*** Begin section ***
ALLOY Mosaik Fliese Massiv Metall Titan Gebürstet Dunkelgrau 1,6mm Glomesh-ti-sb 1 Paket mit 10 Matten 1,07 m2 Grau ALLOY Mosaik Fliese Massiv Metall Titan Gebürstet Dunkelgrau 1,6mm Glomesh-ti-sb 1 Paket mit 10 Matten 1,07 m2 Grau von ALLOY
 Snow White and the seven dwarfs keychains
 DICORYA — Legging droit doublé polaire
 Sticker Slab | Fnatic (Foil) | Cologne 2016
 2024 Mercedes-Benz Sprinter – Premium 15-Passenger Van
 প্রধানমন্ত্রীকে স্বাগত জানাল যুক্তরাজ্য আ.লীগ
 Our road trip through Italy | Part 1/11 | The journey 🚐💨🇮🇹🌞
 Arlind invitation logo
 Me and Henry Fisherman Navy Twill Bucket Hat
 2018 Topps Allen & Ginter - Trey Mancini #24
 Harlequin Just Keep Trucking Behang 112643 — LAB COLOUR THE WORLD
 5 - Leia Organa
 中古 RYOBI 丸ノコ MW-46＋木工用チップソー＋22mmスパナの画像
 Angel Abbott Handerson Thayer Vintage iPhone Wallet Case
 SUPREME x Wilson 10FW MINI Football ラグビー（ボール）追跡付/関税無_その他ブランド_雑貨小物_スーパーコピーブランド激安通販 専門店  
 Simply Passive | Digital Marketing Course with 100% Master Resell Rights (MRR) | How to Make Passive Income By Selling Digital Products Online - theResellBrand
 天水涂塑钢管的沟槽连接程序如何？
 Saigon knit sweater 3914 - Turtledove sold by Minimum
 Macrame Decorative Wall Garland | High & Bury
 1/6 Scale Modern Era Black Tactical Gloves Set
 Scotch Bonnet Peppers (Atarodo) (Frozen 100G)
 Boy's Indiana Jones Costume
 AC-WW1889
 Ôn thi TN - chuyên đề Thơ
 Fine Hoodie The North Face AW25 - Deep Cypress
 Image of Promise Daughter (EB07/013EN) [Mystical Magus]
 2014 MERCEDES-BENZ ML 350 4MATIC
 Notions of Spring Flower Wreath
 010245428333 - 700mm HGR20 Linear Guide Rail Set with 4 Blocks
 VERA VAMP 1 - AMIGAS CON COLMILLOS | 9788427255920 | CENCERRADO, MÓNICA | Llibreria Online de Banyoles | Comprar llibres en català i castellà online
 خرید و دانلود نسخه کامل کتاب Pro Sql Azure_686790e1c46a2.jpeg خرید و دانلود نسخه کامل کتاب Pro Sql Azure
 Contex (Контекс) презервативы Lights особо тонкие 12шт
*** End section ***
• WHAT THE TASK REQUIRES
Reproduce exactly the lines above from the line with "2018 Topps Allen & Ginter - Trey Mancini #24" to the line with "2014 MERCEDES-BENZ ML 350 4MATIC", including both, and add nothing.

• RESULT BELOW
 2018 Topps Allen & Ginter - Trey Mancini #24
 Harlequin Just Keep Trucking Behang 112643 — LAB COLOUR THE WORLD
 5 - Leia Organa
 中古 RYOBI 丸ノコ MW-46＋木工用チップソー＋22mmスパナの画像
 Angel Abbott Handerson Thayer Vintage iPhone Wallet Case
 SUPREME x Wilson 10FW MINI Football ラグビー（ボール）追跡付/関税無_その他ブランド_雑貨小物_スーパーコピーブランド激安通販 専門店  
 Simply Passive | Digital Marketing Course with 100% Master Resell Rights (MRR) | How to Make Passive Income By Selling Digital Products Online - theResellBrand
 天水涂塑钢管的沟槽连接程序如何？
 Saigon knit sweater 3914 - Turtledove sold by Minimum
 Macrame Decorative Wall Garland | High & Bury
 1/6 Scale Modern Era Black Tactical Gloves Set
 Scotch Bonnet Peppers (Atarodo) (Frozen 100G)
 Boy's Indiana Jones Costume
 AC-WW1889
 Ôn thi TN - chuyên đề Thơ
 Fine Hoodie The North Face AW25 - Deep Cypress
 Image of Promise Daughter (EB07/013EN) [Mystical Magus]
 2014 MERCEDES-BENZ ML 350 4MATIC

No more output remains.